Task details:
Repeat the data word for word. Do not include the pictures.

Given information:
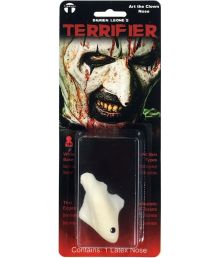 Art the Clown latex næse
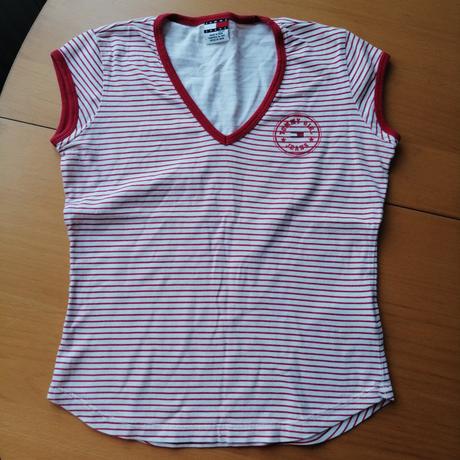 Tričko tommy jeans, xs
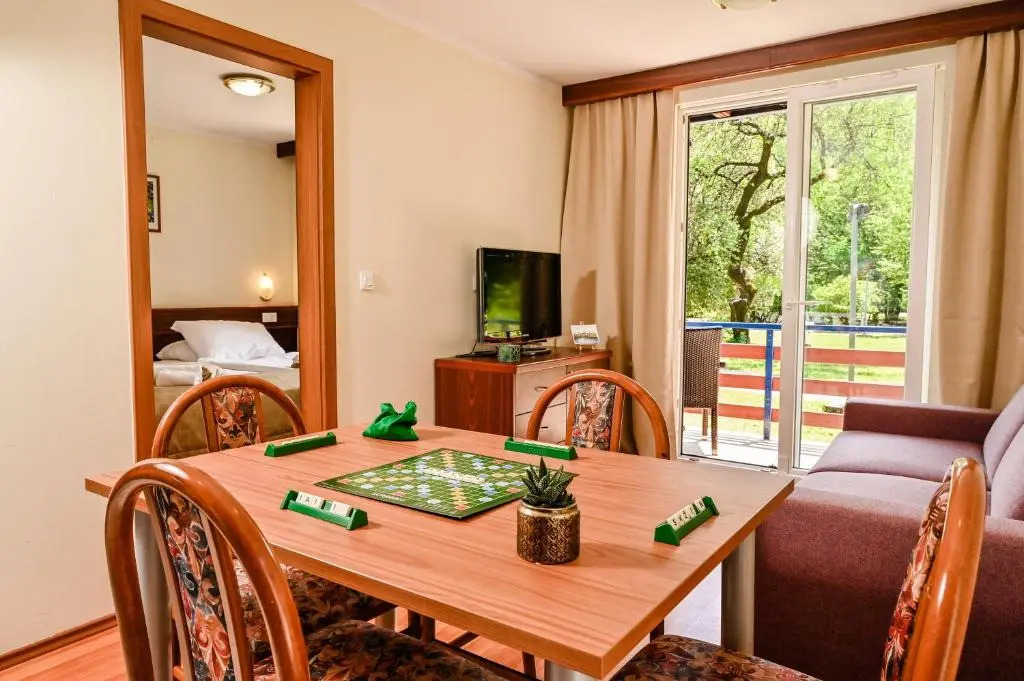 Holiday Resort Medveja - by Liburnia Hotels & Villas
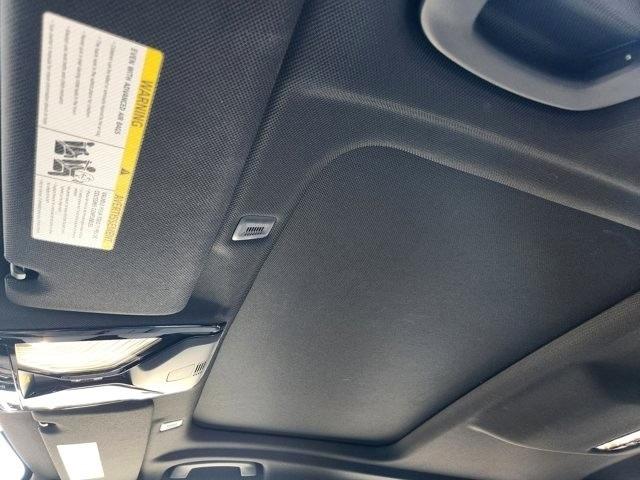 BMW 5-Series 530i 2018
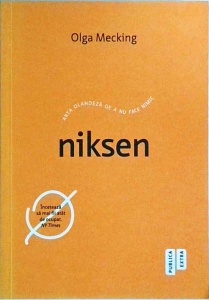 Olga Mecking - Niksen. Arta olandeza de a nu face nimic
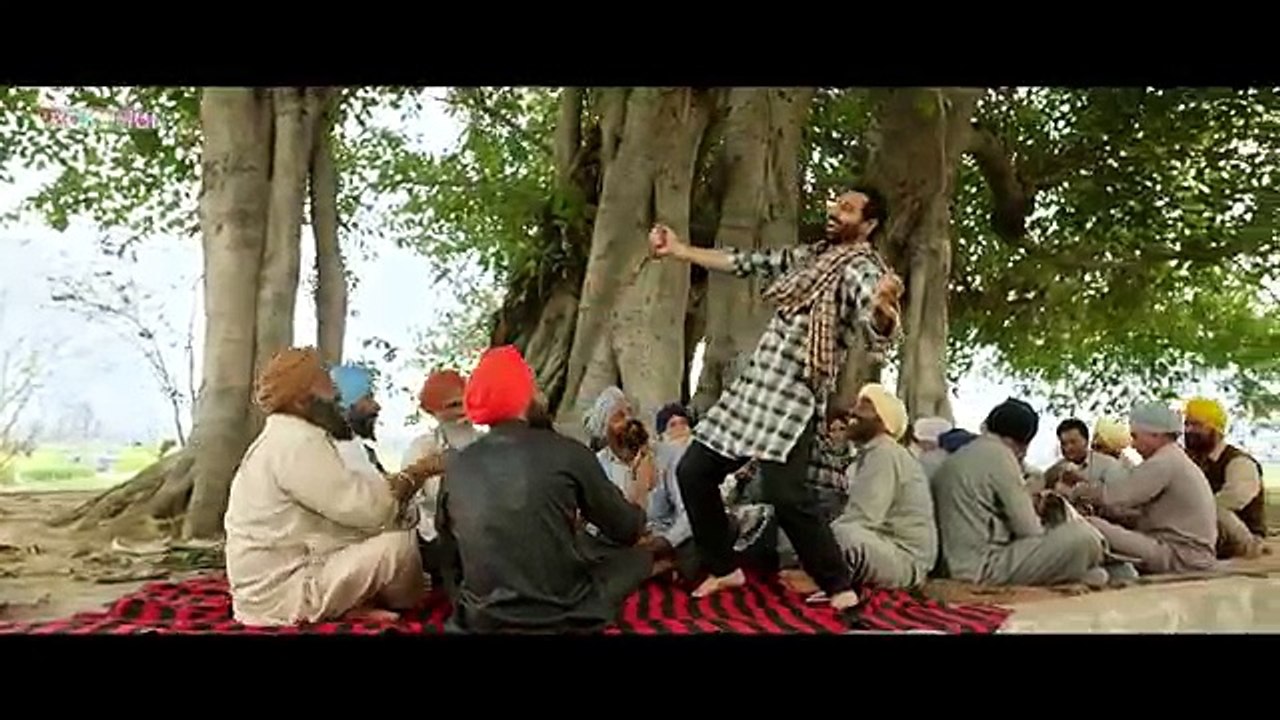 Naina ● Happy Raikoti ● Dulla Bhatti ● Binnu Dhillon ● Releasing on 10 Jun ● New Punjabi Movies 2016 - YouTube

Solved problem:
 Art the Clown latex næse
 Tričko tommy jeans, xs
 Holiday Resort Medveja - by Liburnia Hotels & Villas
 BMW 5-Series 530i 2018
 Olga Mecking - Niksen. Arta olandeza de a nu face nimic
 Naina ● Happy Raikoti ● Dulla Bhatti ● Binnu Dhillon ● Releasing on 10 Jun ● New Punjabi Movies 2016 - YouTube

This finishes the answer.